* [Directions] When you transcribe the listing, keep each line exact and drop the pictures.

+++

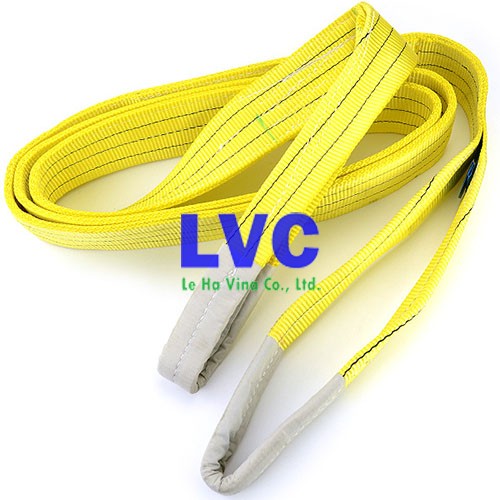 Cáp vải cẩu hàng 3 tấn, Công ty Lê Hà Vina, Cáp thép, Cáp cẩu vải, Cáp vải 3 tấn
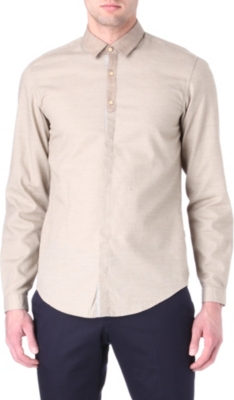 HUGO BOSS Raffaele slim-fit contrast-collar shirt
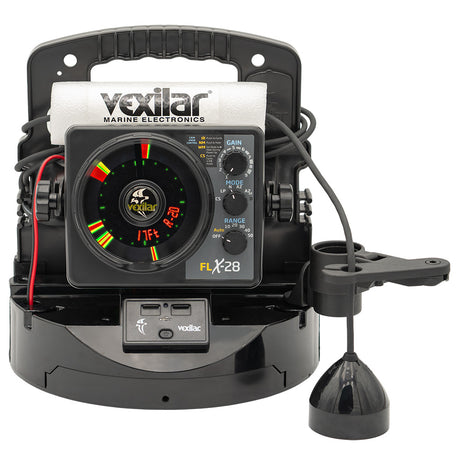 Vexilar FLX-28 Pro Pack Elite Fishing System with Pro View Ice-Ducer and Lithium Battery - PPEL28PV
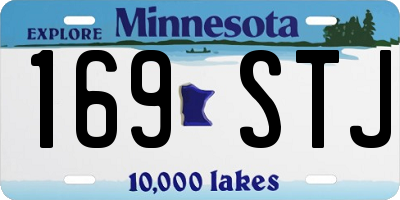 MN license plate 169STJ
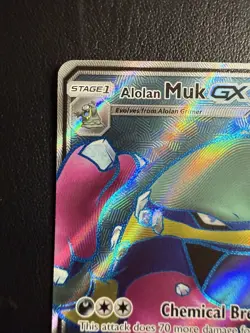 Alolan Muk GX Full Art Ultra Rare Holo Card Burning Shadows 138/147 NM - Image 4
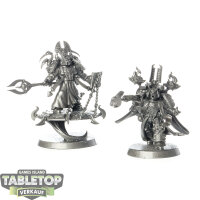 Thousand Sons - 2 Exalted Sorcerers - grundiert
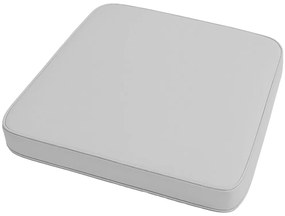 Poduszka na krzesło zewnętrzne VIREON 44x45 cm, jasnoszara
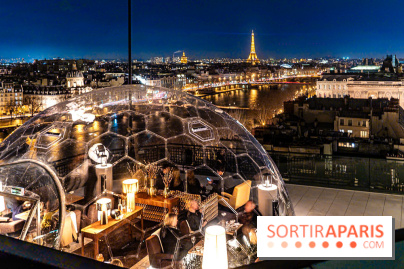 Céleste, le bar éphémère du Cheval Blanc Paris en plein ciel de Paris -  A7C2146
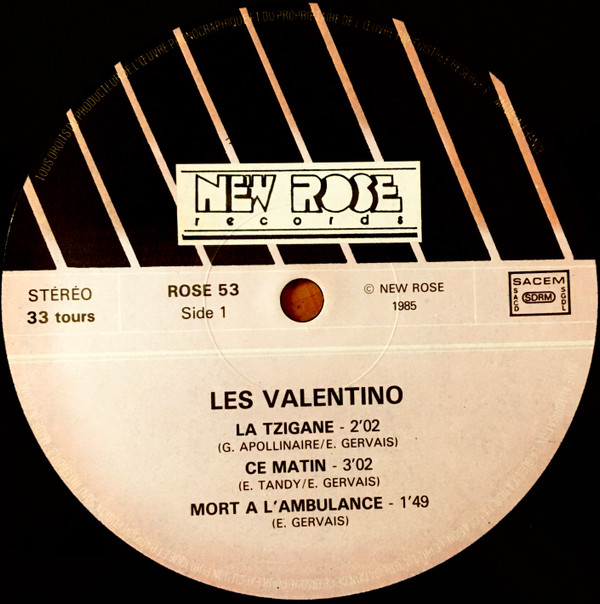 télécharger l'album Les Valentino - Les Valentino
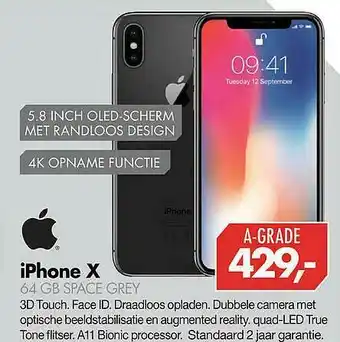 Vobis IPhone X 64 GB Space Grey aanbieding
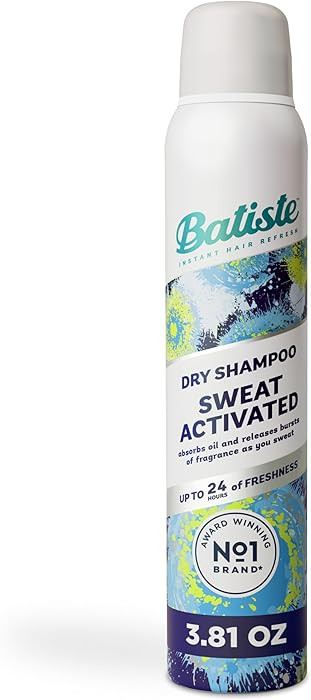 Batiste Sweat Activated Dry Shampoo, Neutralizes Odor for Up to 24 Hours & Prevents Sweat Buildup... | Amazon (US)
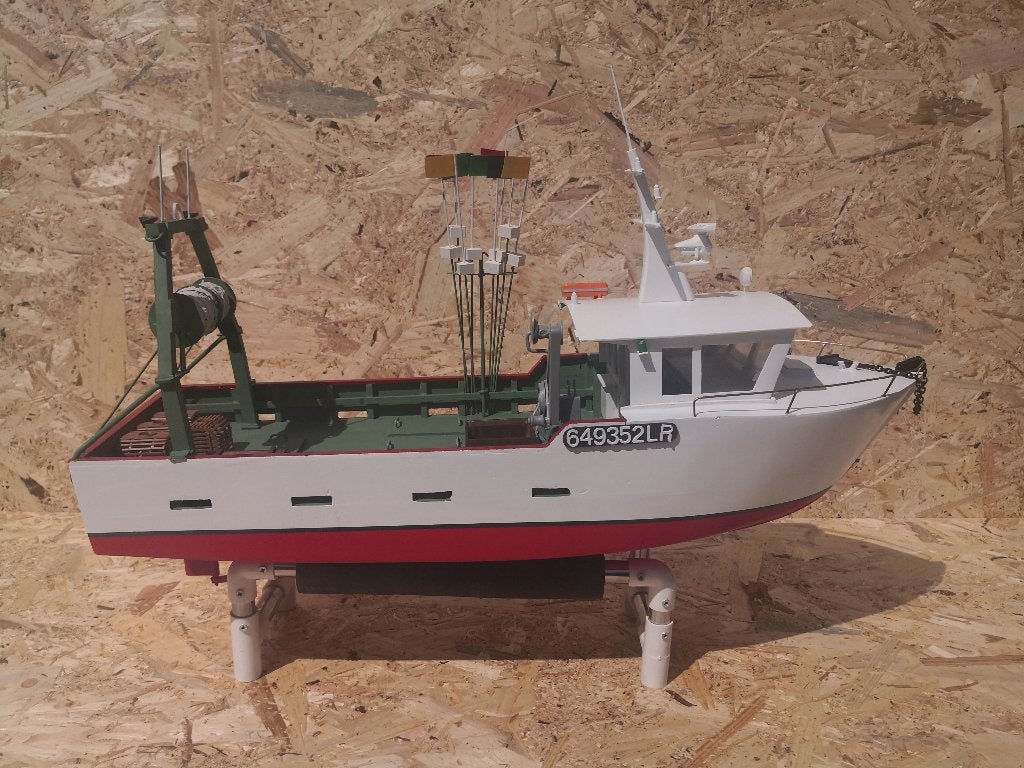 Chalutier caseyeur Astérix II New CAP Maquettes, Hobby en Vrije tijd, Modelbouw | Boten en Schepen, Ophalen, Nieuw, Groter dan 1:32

+++

* [Written solution]
 Cáp vải cẩu hàng 3 tấn, Công ty Lê Hà Vina, Cáp thép, Cáp cẩu vải, Cáp vải 3 tấn
 HUGO BOSS Raffaele slim-fit contrast-collar shirt
 Vexilar FLX-28 Pro Pack Elite Fishing System with Pro View Ice-Ducer and Lithium Battery - PPEL28PV
 MN license plate 169STJ
 Alolan Muk GX Full Art Ultra Rare Holo Card Burning Shadows 138/147 NM - Image 4
 Thousand Sons - 2 Exalted Sorcerers - grundiert
 Poduszka na krzesło zewnętrzne VIREON 44x45 cm, jasnoszara
 Céleste, le bar éphémère du Cheval Blanc Paris en plein ciel de Paris -  A7C2146
 télécharger l'album Les Valentino - Les Valentino
 Vobis IPhone X 64 GB Space Grey aanbieding
 Batiste Sweat Activated Dry Shampoo, Neutralizes Odor for Up to 24 Hours & Prevents Sweat Buildup... | Amazon (US)
 Chalutier caseyeur Astérix II New CAP Maquettes, Hobby en Vrije tijd, Modelbouw | Boten en Schepen, Ophalen, Nieuw, Groter dan 1:32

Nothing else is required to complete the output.